If you do nothing else with yoga, you can get in 15 minutes of breathwork a day and feel like you accomplished a spiritual goal.
- Open Up
Yoga can often be ugly and awkward and uncomfortable, even for the most advanced practitioners. When you challenge yourself to go a little bit deeper with your downward dog, or flow a little bit quicker through your vinyasa, you find yourself improving.
And when you improve, you are encouraged to open up a bit more, and then a bit more.

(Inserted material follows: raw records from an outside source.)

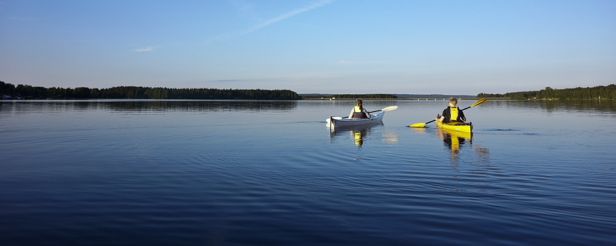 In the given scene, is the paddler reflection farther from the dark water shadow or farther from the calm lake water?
the dark water shadow

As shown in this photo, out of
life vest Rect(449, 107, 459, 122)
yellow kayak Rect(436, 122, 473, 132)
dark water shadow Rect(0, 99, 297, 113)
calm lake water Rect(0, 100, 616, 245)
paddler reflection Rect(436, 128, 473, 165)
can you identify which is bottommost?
calm lake water Rect(0, 100, 616, 245)

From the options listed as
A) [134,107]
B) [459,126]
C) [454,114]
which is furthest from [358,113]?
[134,107]

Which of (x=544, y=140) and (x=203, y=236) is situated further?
(x=544, y=140)

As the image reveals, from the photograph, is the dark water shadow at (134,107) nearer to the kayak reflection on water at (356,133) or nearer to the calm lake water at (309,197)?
the kayak reflection on water at (356,133)

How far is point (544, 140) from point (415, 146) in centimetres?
718

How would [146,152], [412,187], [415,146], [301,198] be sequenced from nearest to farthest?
[301,198], [412,187], [146,152], [415,146]

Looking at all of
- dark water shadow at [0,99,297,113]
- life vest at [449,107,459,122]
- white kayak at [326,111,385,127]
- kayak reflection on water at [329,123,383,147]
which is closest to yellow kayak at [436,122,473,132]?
life vest at [449,107,459,122]

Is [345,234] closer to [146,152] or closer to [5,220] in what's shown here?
[5,220]

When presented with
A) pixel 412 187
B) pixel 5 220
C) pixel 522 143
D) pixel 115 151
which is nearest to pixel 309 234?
pixel 412 187

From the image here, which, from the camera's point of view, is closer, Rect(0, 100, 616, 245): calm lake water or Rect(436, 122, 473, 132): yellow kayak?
Rect(0, 100, 616, 245): calm lake water

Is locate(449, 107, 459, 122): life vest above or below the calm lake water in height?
above

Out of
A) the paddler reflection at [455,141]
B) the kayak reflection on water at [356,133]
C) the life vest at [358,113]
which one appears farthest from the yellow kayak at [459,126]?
the life vest at [358,113]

Opening up is a key way to deepen your spirituality.
- Celebrate Your Body
So many of us are lacking in self love, and yoga is a great way to bring us back to our bodies and celebrate just what they are capable of. It is truly empowering.
There is no greater form of spirituality than self love because the more you love and care for yourself, the more excess you have to give others, which is the height of spirituality. It is the 12th step in the 12 step program.
Once you put your house in order, you are capable of helping others, and that is really meeting God.
Yoga helps you get there by helping you see how powerful you are in your own human body.
- Quiet Your Mind
It’s hard to be spiritual when your mind is racing with worry, depression, anxiety.
Yoga helps you clear all that out.
Because it brings you back to breath, it helps you focus on that breath rather than your racing thoughts.
They will still come in, of course, but you can clear them out more easily, which sets you up for a great meditation after yoga.
- Connect with Your Spirit
And finally, yoga helps you connect with your spirit. Once you can clear your mind and get really present, you can step out of your ego and fully embrace your spirit.
And that, my friends, is the real goal.